A healthy living blog from Marshfield Clinic

Sugar detox: 5 small changes to reduce your sugar intake

A young woman eats an apple.

A healthier diet by slowly reducing sugar intake is a helpful tip if you want to start getting healthier.

If you’re looking for a way to improve your overall health, a sugar detox and better nutrition can be key components in helping you feel better.

Cutting down your sugar intake offers many benefits, said Samantha Bulgrin, Marshfield Clinic Health System registered dietitian and certified diabetes educator.

“Energy levels tend to be down overall for people with high sugar intake,” Bulgrin said. “It gives you that initial boost, but there is a fatigue factor for people who consume a lot of sugar. You get that boost, but the crash comes with it.

“Another regular problem we see is using sweets as a reward. When we do that it releases dopamine and makes you happy, but eventually tolerance increases and you have to have more to get that same feeling.”

Here are some ways to reduce your sugar consumption.

Find healthier replacements for soda

Energy drinks. Soda. Sweet tea. Juice. All contain high levels of sugar.

Sugar-sweetened beverages are associated with weight gain and obesity, type 2 diabetes, heart disease, kidney disease, tooth decay, cavities and more according to the Center for Disease Control and Prevention (CDC). Limiting the amount of sugary beverages you drink can help you maintain a healthy weight and have a healthy diet.

Beverages are the leading category source of added sugars (47% of all added sugars) according to the American Heart Association.

Some better options other than water include flavored water packets or low calorie drinks.

While it would be nice to cut out sugar, Bulgrin says we shouldn’t aim to get rid of sugar “cold turkey.”

“I tell people it’s important to assess yourself as an individual. Some can just decide they’re not going to buy anything with a lot of sugar, and they can do that,” Bulgrin said. “But most people need to go for a gradual pace.”

Find natural sweetness

If soda or drinks aren’t your problem, perhaps it is your diet that needs a closer look. There are many temptations for someone with a sweet tooth – cake, candy, cookies.

According to the American Heart Association, the recommended amount of sugar is 6 to 9 teaspoons – about 36 g – per day or about 100 to 150 calories of sugar. The average amount of sugar consumed is roughly three times that at about 22 teaspoons of sugar and around 350 to 400 calories per day.

Bulgrin said a tip is to look for things with natural sweetness like fruit, yogurt, pudding and sugar-free popsicles.
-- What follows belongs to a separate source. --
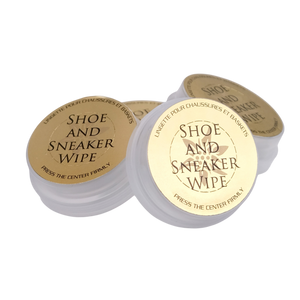 Three containers of 'Shoe and Sneaker Wipe' on a white background
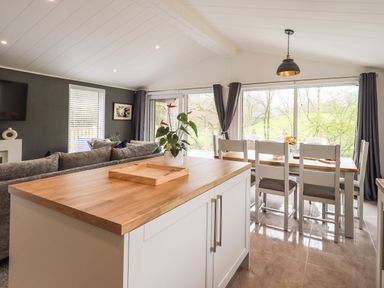 A dining area with a wooden table and chairs next to large windows and a kitchen island with a wooden countertop and a plant on it at Jinnyspinner Lodge Beckside 37 Limefitt Park near Windermere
If you can’t go completely without that sweet-taste quality, Bulgrin says to try and use smaller portions, like a mini candy bar instead of say a king size.

“Sometimes all we crave is the taste and that’s enough,” she said.

Pay attention to food labels and recipes

One pivotal part of a diet is grocery shopping. When going to the grocery store, look at food labels. You can keep the temptation out of the house.

By looking at food labels, you can be made aware of some of the surprising foods packed with sugar like some cereals, granola bars and other foods.

”I tell my patients to stay out of the middle aisles,” Bulgrin said. “A lot of sugary cereal, granola bars and fruit snacks are there. Look at food labels and compare them to others on the shelf.”

Keep a food log

Write down what you eat. Sometimes we don’t pay attention or even remember having a snack when we’re bored or it is so engrained in our nightly routine.

Food logs can help bring clarity to areas of your diet that need attention.

“It doesn’t have to be overly detailed, just write down what you eat,” Bulgrin said. “Then you can go through and look for a substitute. A food log helps see where the problem areas are and what’s missing. Sometimes we don’t pay attention overall to the quality of our diets.”

Decrease portion size

“I am a big supporter of small portions in a diet,” Bulgrin said. “Maybe instead of three cookies, eat one. Or try for something like string cheese or nuts to replace sweets. Sometimes it isn’t that we want to eat, but we’re bored or just want a taste.”

If you’re concerned about your diet or nutrition, talk with your primary care provider.